In the Figure S1 we compare the observed cumulative PDF (FWHM_{obs}) and its uncertainty (magenta thin line and shadowed region, respectively) with the predicted cumulative PDF from the model with the highest posterior probability (orange line). The parameters of this model are: *i*_{min} = 19°, *i*_{max} = 45°, FWHM_{mean} = 8,500, FWHM_{std} = 2,150, FWHM_{min} = 4,200 and FWHM_{max} = 30,000. Our model successfully reproduces the observed cumulative PDF. However, a simple normal distribution (turquoise line) is also consistent with the data and cannot be rejected. We also determined the best fit model for a distribution with FWHM_{std} = 0, i.e., effectively a single velocity. This model (dashed blue-line) is able to reproduce the distribution at low values of FWHM_{obs}, but it is unable to account for the distribution at large velocity widths.

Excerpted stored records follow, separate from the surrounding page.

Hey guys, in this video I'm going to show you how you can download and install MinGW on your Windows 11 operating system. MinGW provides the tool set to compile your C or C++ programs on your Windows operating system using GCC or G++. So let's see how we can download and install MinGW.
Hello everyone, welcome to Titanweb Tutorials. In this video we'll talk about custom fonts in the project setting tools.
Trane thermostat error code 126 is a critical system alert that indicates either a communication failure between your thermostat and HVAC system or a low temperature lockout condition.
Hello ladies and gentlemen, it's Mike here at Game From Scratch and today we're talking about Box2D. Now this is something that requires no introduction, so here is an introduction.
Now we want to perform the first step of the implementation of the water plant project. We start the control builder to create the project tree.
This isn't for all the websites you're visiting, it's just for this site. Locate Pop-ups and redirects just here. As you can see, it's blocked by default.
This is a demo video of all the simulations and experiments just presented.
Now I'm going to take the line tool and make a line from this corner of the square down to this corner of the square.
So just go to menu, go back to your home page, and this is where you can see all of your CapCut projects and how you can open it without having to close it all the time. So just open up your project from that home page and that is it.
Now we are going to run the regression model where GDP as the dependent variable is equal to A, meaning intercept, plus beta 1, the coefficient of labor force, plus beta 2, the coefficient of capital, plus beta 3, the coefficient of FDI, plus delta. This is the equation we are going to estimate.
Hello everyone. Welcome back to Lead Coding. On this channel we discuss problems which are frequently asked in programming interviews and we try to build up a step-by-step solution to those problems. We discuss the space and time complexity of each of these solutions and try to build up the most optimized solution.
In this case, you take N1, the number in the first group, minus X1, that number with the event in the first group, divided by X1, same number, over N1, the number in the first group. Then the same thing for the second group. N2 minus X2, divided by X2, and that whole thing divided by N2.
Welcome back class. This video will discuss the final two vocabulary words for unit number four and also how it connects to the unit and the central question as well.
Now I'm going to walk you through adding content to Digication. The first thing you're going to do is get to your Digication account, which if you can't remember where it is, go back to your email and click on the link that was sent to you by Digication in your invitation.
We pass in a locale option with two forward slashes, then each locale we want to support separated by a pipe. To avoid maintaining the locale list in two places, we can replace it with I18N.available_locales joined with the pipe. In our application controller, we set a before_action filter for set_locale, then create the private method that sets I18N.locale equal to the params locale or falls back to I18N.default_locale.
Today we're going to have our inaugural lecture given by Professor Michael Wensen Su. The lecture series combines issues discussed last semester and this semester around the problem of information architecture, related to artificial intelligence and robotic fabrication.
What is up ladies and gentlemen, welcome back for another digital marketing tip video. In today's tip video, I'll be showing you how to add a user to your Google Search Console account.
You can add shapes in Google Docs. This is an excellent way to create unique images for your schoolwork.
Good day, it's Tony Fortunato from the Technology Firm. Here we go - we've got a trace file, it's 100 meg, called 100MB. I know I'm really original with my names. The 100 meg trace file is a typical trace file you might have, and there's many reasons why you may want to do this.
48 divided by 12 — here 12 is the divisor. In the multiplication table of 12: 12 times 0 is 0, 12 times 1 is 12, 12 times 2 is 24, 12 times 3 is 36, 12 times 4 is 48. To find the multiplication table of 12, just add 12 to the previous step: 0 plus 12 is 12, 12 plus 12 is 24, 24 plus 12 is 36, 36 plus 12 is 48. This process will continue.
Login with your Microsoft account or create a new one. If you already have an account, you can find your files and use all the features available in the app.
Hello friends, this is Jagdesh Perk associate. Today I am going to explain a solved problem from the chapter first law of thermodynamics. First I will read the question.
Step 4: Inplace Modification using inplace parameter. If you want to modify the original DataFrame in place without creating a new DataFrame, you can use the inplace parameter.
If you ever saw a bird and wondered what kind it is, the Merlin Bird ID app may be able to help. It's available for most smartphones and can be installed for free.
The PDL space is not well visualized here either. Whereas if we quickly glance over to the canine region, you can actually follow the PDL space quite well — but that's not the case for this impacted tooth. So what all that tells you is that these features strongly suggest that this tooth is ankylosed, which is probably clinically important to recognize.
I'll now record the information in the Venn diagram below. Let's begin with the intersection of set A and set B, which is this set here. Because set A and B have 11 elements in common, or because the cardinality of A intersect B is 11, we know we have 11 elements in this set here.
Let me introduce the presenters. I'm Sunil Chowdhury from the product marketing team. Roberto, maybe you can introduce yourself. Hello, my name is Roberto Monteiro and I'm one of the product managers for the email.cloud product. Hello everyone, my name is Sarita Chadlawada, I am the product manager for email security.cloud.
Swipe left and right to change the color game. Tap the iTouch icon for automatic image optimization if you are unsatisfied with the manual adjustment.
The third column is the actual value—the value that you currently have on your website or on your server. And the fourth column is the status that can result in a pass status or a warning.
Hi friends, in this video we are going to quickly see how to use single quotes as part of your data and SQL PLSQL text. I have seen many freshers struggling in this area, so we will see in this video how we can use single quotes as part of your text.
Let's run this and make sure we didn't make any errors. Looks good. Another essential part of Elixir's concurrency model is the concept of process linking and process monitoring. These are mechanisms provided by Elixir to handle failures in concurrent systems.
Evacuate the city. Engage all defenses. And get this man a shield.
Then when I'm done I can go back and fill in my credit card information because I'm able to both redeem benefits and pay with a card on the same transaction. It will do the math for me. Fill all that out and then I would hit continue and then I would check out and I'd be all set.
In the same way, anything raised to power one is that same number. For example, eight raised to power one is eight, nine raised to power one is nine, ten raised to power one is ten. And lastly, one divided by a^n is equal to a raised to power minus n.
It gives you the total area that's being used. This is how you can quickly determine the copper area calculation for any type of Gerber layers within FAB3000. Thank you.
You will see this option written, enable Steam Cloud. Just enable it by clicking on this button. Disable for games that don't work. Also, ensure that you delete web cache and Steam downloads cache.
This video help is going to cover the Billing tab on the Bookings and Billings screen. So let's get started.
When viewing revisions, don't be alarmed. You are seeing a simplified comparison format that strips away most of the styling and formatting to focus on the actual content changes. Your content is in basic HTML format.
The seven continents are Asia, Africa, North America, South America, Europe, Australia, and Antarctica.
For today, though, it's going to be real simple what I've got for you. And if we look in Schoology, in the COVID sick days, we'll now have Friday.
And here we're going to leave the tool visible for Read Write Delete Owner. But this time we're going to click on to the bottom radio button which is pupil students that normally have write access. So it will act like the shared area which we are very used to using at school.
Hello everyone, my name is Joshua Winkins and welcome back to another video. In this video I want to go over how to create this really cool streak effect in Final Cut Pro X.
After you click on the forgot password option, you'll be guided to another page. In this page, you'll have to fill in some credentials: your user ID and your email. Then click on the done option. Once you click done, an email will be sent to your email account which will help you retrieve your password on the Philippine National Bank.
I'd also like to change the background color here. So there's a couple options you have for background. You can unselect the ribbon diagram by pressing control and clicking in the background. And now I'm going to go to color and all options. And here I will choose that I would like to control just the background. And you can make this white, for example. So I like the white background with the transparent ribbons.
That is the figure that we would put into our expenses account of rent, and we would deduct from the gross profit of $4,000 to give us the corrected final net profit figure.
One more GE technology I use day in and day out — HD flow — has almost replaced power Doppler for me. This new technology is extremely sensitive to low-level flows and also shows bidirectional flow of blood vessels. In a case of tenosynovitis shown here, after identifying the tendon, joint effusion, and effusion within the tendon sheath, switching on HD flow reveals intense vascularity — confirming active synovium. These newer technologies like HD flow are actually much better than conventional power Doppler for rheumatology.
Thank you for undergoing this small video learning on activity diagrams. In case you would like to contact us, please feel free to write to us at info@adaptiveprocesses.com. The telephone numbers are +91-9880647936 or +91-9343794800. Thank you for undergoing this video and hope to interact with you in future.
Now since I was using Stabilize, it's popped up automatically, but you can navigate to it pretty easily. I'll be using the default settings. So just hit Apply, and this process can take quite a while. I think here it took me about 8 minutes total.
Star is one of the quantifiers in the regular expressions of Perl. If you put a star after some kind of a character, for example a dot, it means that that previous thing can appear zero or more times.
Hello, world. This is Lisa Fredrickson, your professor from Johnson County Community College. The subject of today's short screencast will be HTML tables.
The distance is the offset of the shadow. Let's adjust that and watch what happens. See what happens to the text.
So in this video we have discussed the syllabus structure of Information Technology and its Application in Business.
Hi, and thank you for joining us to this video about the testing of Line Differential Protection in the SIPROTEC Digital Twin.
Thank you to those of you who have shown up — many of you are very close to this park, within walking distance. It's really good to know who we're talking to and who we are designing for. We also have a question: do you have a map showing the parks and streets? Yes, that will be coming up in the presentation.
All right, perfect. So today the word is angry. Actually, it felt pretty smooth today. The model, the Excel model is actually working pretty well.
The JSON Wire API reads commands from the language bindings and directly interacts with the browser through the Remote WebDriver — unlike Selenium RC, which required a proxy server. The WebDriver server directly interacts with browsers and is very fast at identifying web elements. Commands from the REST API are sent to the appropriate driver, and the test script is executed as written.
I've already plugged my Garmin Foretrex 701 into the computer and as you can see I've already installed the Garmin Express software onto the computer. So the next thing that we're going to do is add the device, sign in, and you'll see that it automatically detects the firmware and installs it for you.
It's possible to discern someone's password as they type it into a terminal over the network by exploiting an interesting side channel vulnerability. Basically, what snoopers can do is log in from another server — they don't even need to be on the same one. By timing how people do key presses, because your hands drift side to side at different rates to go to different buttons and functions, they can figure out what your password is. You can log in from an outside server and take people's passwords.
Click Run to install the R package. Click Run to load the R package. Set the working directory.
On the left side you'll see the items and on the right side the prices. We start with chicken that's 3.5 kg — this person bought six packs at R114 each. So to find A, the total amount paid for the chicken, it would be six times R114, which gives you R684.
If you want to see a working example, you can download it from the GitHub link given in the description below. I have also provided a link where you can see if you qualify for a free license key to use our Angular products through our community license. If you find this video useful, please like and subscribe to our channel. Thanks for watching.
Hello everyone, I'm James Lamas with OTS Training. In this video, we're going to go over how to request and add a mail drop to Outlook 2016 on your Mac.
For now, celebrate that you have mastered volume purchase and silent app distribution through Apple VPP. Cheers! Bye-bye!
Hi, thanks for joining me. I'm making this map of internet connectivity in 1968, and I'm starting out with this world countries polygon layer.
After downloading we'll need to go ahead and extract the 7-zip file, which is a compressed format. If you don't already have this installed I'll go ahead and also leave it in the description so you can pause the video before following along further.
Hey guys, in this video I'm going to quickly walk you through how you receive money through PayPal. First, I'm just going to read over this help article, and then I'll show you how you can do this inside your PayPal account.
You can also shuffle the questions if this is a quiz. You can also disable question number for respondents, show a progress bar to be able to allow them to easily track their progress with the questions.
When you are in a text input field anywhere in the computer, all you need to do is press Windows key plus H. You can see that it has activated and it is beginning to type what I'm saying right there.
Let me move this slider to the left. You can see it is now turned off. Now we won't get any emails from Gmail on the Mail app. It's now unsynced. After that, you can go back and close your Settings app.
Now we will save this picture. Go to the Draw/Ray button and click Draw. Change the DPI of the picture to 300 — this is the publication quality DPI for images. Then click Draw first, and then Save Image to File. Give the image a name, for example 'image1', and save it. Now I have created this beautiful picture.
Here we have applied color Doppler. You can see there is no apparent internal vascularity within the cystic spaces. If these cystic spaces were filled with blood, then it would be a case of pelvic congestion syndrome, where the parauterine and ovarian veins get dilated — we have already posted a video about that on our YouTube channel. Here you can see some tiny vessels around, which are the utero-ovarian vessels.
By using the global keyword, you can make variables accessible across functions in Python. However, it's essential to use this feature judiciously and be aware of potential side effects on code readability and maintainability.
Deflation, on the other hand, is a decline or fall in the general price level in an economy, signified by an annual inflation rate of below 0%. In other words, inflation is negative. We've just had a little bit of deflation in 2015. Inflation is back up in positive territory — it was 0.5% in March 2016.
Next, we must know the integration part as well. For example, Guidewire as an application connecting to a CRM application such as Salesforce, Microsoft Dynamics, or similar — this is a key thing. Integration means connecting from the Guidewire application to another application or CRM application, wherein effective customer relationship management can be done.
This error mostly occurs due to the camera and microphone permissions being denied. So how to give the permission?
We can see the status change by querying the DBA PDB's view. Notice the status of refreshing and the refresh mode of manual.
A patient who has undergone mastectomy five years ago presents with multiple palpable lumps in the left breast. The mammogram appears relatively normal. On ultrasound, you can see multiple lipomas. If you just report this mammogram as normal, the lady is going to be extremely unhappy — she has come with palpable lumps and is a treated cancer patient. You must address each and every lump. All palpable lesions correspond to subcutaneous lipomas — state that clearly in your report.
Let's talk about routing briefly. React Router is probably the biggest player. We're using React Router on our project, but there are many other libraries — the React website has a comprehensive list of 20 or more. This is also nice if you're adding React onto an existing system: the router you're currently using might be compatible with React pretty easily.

First, we tested whether our thin BLR model is successful in reproducing the *f*−FWHM_{obs} distribution seen in the data. In the right panel of Figure 1 we show the predicted bi-dimensional probability density distribution of the virial factor and the observed FWHM_{obs}(Hα) as predicted by the thin BLR model. The Figure includes contours showing 25, 50, 75, and 99% confidence limits contours (black-thin lines) centred around the maximum probability point. We also superposed the data from the right panel of Figure 2 (open-blue circles). The magenta line represents the derived relation *f* = $($FWHM_{obs} (Hα)/4,000 km s^{−1}$)$. The thick yellow line is the median of the *f*−FWHM_{obs} distributions derived using a quantile non-parametric spline regression (COBS, Ng and Maechler, 2007). Analogously, the blue-dashed lines represent the 25, 50, and 75% quantiles of the observational distribution. To obtained these quantiles, for each observed data we randomly generated 1,000 points following the error distributions in *f*_{AD} and FWHM_{obs}(Hα) and then applied the COBS method to characterize the resulting distribution. We can notice that the median (50%-quantile) of the theoretical and observational distributions are in very good agreement. The scattered open-blue circles also show excellent agreement with the the bi-dimensional probability density function from the best model. Explicitly, we find that from our 37 objects, 21% fall inside the central 25% confidence level region, 51% fall inside the 50% confidence level region, 74% fall inside the 75% confidence level region, and 85% fall inside the 99% confidence level region.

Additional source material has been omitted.